L'artiste alémanique Zilla Leutenegger a travaillé à partir d'une image de la lune. Elle nous fait circuler dans cette image, éclatée entre une grande projection dans l'angle de la pièce et des moniteurs posés au sol. Son travail réussit parfaitement à nous inscrire émotionnellement dans ce désert spatial où elle s'est elle-même perdue, perchée sur le toit d'un «Forum hôtel» qui n'abrite aucune rencontre, et d'où elle appelle sa mère d'une voix enfantine.

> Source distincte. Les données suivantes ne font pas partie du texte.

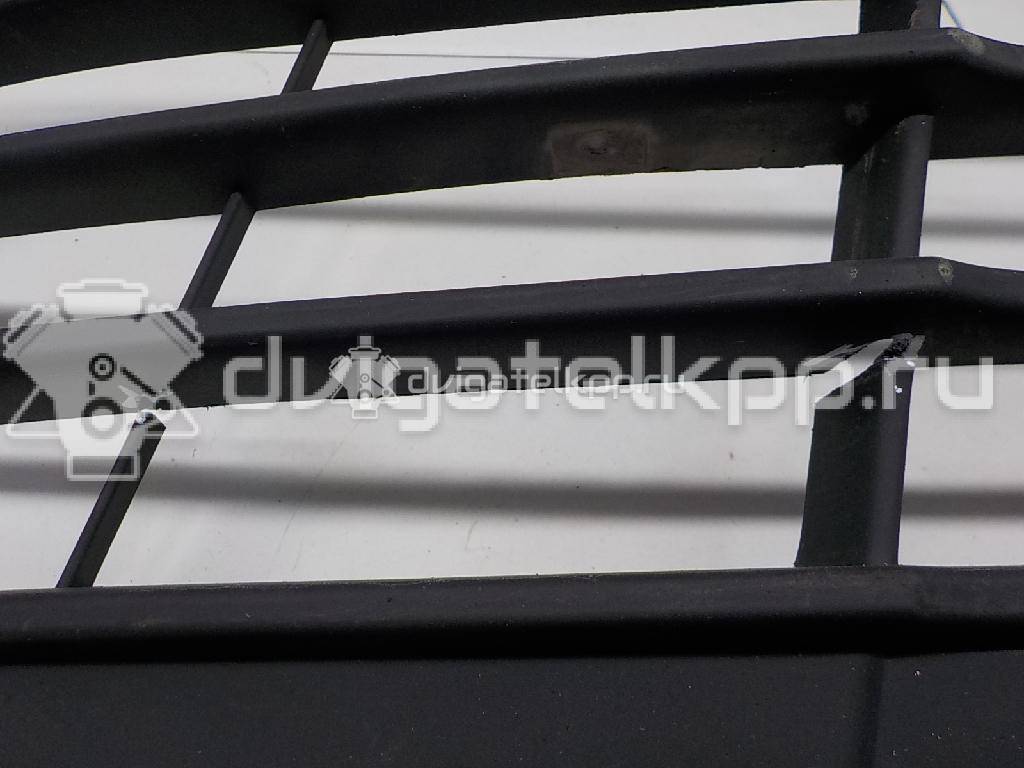 Фото Решетка в бампер центральная  1724261 для Ford Mondeo {forloop.counter}}
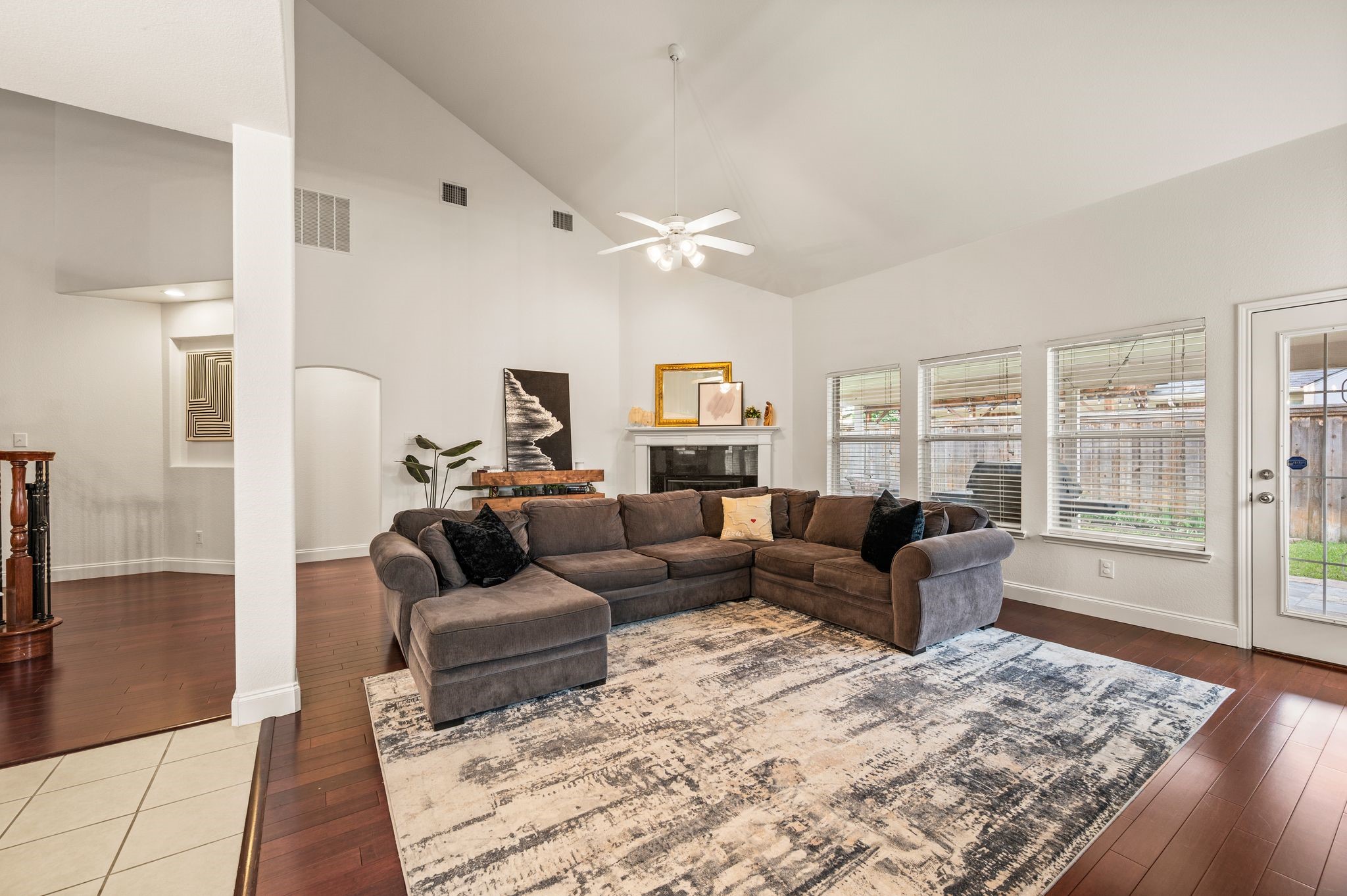 308 Bradbury Drive Euless TX 76040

L'installation de l'Autrichien Hans Schabus comprend elle aussi plusieurs éléments pour conduire le visiteur à construire une histoire. D'abord, un film projeté sur la paroi fait voyager le visiteur sur un circuit ferroviaire installé dans l'atelier de l'artiste. A échelle humaine semble-t-il, alors qu'une minuscule maquette dessine le même circuit dans le plateau d'une magnifique table où sont aussi intégrés tourne-disque (avec un enregistrement composé à partir de sons ferroviaires), cendrier et schnaps! Un plan accroché au mur vient encore compliquer ce passionnant jeu de modélisation.

Les travaux des autres artistes (Le Norvégien Sven Pahlsson, le Néerlandais Myke Tyler, l'Allemand Daniel Roth et l'Américaine Andrea Zittel) construisent tous des environnements selon le même processus d'éclatement.